Updated: Jun 24, 2022
Here’s some news that might surprise you: directing is just as much of an art form as acting is. A good director makes all the difference in an actor’s ability to produce an outstanding performance, so your job is a crucial one. The director is the conduit, the support system; the guide.
Whether it is your first time directing a voiceover artist or you’ve been directing for years even decades, the tips I talk about in this article will take your direction to the next level and transform your ability to get incredible results from whomever you work with — regardless of their skill level.
First, focus on what intention the actor should have, not what emotion they should sound like.
At first glance, most people believe acting to be about emotions. Emotion certainly plays a large part in the picture. But playing emotion is much harder than playing intention in a real way, and thus it yields cheesier and less believable results than playing intentions. As a director, the value of realizing this distinction is immeasurable.

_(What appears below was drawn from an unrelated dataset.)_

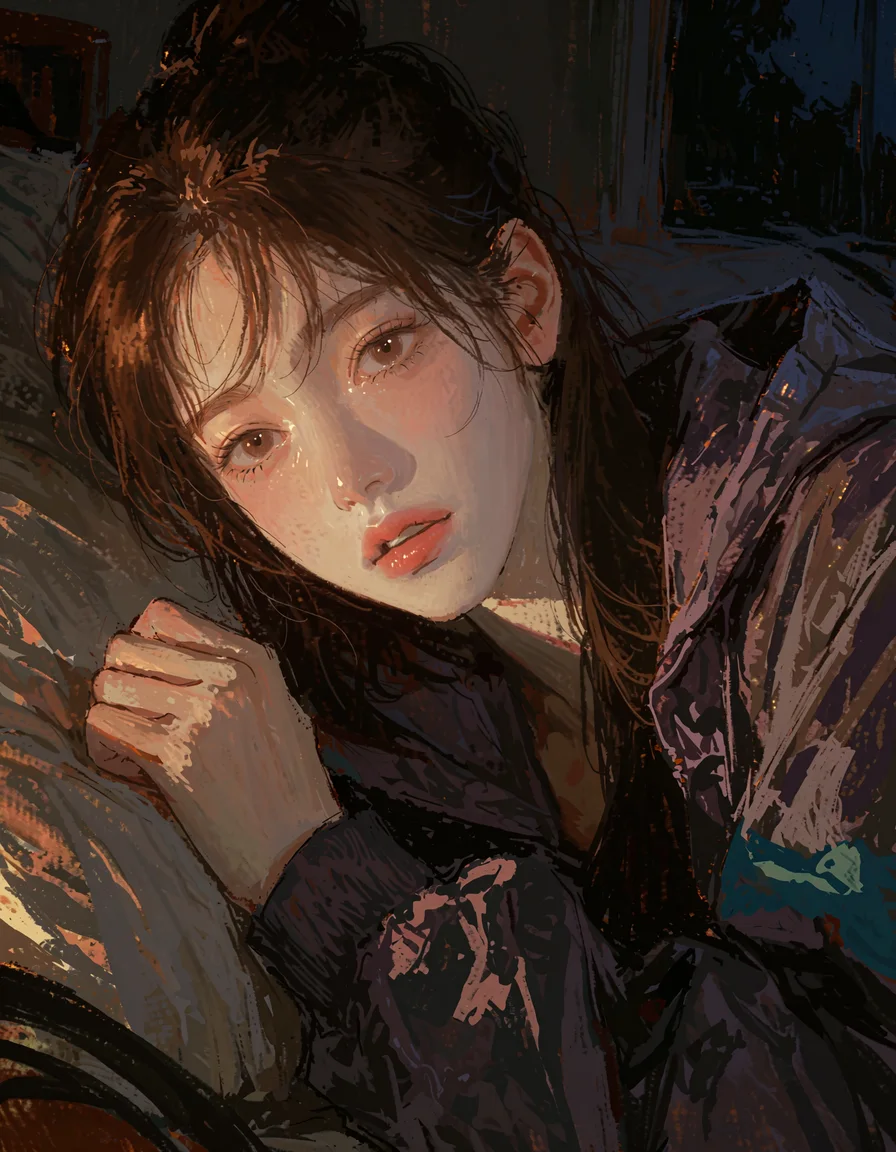 안이정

It can be very tempting during filming or recording to say phrases such as “be sadder”, or “do that, but more excited!”… However without grounding that sadness or excitement in an actual reason, an actual situation, an intention, the emotion drawn upon in isolation won’t sound believable as it isn’t coming from a real place. If the actor you work with has had training, they will do the work on their end to find the intention behind the emotion — but that’s an extra step that you can help them with to get there faster. If the actor hasn’t had acting lessons, they will try to play the emotion in isolation and you’ll be left with a fake-sounding voiceover. And who has time or money for that in 2022? No one.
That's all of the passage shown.